Parksey wrote:Ghosting is unfortunately a thing here. Rather than have a difficult, direct confrontation, it's often more desirable to just cut off all contact. I've actually had exes try to engineer the break-up by lying about cheating and stuff. I think in a warped way they think it's easier for the jilted party, rather than dealing with arguments or regret etc. but it's a really strawberry floated up way of doing it.
I've often found break-ups here rather cold and dispassionate (and dare I say it, cowardly). And that's coming from me, who's classically repressed and British as it is.
Yeah I found out last night from someone else that apparantly it's a very common thing in Japan for both sides to just stop contacting each other and let things end that way rather than actually talking to the person about it. Other people I've spoken to seem to think it's a bit dumb because usually if people do that they don't say anything to start off with and don't give someone the idea that there is a fixable problem and if it doesn't change it'll all be over.
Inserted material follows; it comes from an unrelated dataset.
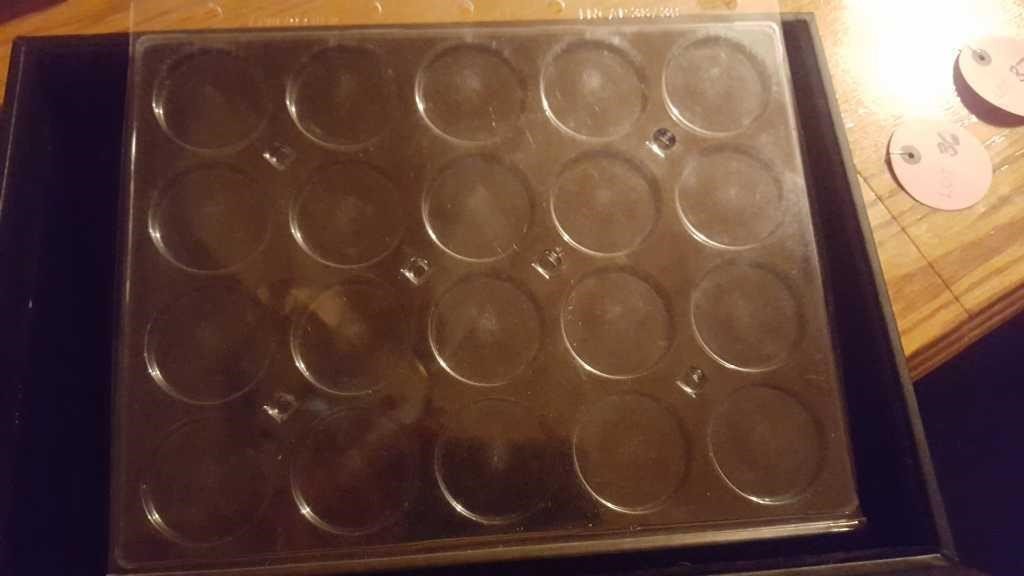 HARD PLASTIC SNAP COIN HOLDER PAGE (1 of 4)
Common consensus from all the people I've spoken to have said leave it another week and then if you haven't got anything back message them. At that point they're either going to be feeling the same as you and are struggling to message first because they regret what they did or they're genuinely not interested anymore. Hopefully whatever happens I can salvage a friendship out of this because it's annoying where he got involved with my friends if he's around it's kinda locked me off from hanging out with some people until we can talk again.
EDIT: I messaged them, it was eating me up too much to not say anything and all I did was apologise really and say that I enjoyed the time we spent together, if you don't want to make up can we at least just go on as friends because I didn't want to lose that.